The United States national under-23 rugby union team, known as the Men's Collegiate All-Americans, represents the United States in rugby union at U23 level. It is primarily represented by American players between the ages of 19-23 who participate in a club or collegiate rugby program.

==Recent results==
The following table shows the results in official matches played by the Men's Collegiate All-Americans (score always listed first). The list may be incomplete.

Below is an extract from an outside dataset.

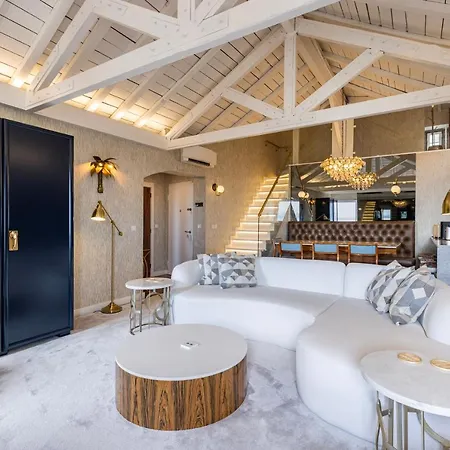 Luxury Duplex W/ River View By Lovelystay * Лиссабон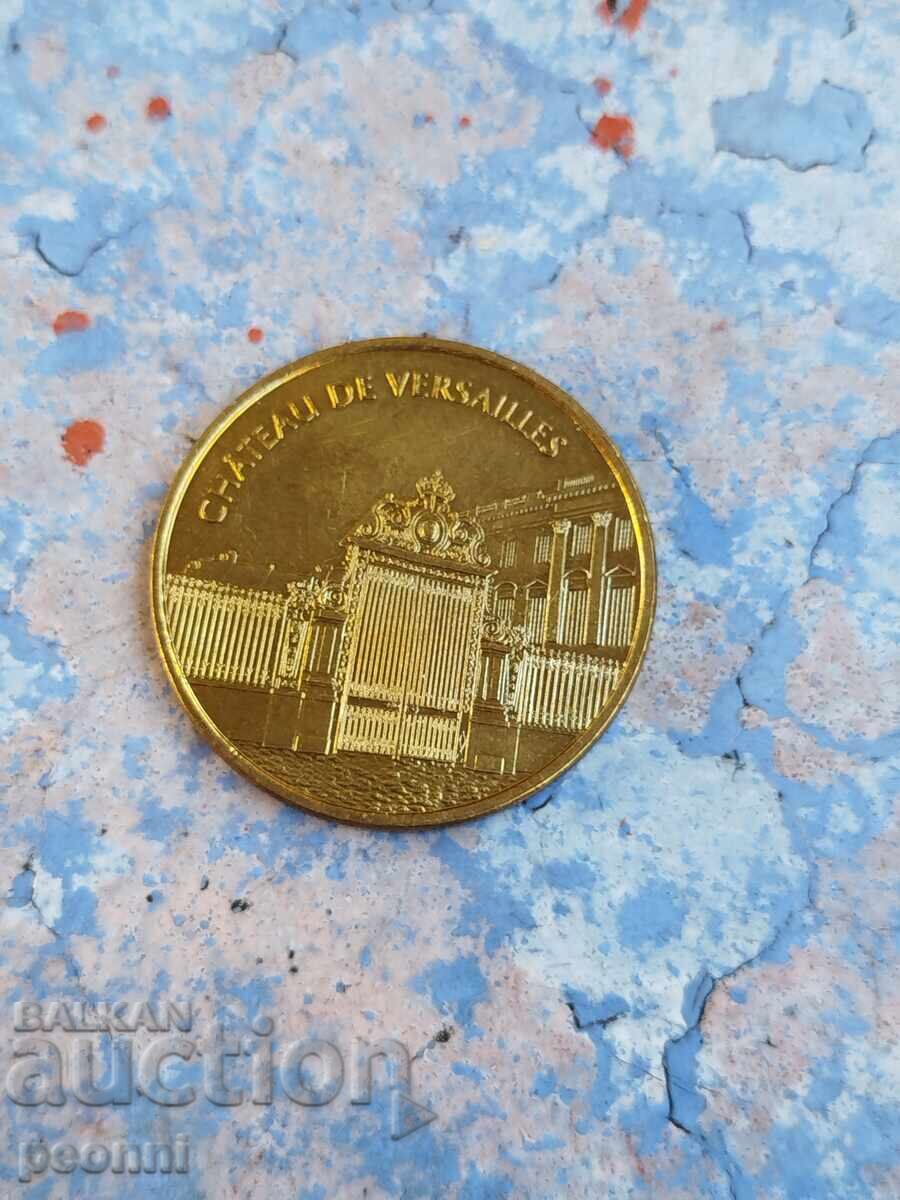 Краля Слънце -Версай с цена 8.00 лв. | € 4.09 Краля Слънце -Версай с цена 8.00 лв. | € 4.09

| Opposition | For | Against | Date | Location | Competition | Ref |
|---|---|---|---|---|---|---|
| Darling Downs Select XV | 31 | 17 | 2016-08-06 | Toowoomba, Australia | Tour Match |  |
| Brothers RFC | 34 | 36 | 2016-08-10 | Brisbane, Australia | Tour Match |  |
| QPR Barbarians XV | 40 | 43 | 2016-08-13 | Brisbane, Australia | Tour Match |  |
| Brussels Devils | 22 | 20 | 2022-07-09 | Amsterdam, Netherlands | Corendon Summer Tour |  |
| Delta | 16 | 22 | 2022-07-16 | Amsterdam, Netherlands | Corendon Summer Tour |  |
| UXI Western Province Invitational XV | 41 | 12 | 2025-07-02 | Western Province Rugby Academy | Tour Match |  |
| Boland Cavaliers U23 | 57 | 26 | 2025-07-08 | Boland Stadium | Tour Match |  |
| Maties Rugby | 85 | 15 | 2025-07-12 | Danie Craven Stadium | Tour Match |  |

==Roster==
The following is the Roster for the 2025 South Africa Tour.

| Name | Rugby Club |
|---|---|
| Adam Chadwick | Life University |
| Aidan King | NOLA Gold |
| Alejandro Tapia Martinez | Anthem Rugby Carolina |
| Alexander Hernandez | Chicago Hounds |
| Bastian Brunello | Mount Saint Mary's |
| Byron Finley | Cal Berkeley |
| Campbell Robb | Central Washington |
| Coby Baker | Cal Poly |
| Connor Devos | Lindenwood |
| Corbin Smith | Anthem Rugby Carolina |
| Damian Morley | Miami Sharks |
| Darius Law | San Diego Legion |
| Elias Garza | Life University |
| Graeme Pedegana | Anthem Rugby Carolina |
| Hayden McKay | Mount Saint Mary's |
| Hugh O'Kennedy | Trinity College |
| Iosefa “JT” Toia'ivao | Saint Mary's College |
| James Rose | Life University |
| John Wilson | Saint Mary's College |
| Keelan Farrell | Durham University |
| Logan Ballinger | Life University |
| Oliver Kirk | Cal Berkeley |
| Rand Santos | Cal Berkeley |
| Rhys Mitchell | Anthem Rugby Carolina |
| Shaun Matthysen | Life University |
| Solomon Williams | Cal Berkeley |
| Sosaia Pongi | Saint Mary's College |
| Spencer Huntley | San Diego Mustangs |
| Tiai Vavao Central | Washington |
| Tomiwa Agbongbon | Cornish Pirates |
| William Sherman | UCLA |

===Management===
- Agustin Cavalieri - Head Coach
- Elvis Seveali'i - Assistant Coach
- Brendan Keane - Assistant Coach
- Darran Coleman - Manager
- Natalie Frizell - Athletic Trainer
- Declan Oorloff – Performance Analyst
- Karan Shukla – Physician
- Peyton Fennell – Physician

==See also==
- United States national under-20 rugby union team (Junior All Americans)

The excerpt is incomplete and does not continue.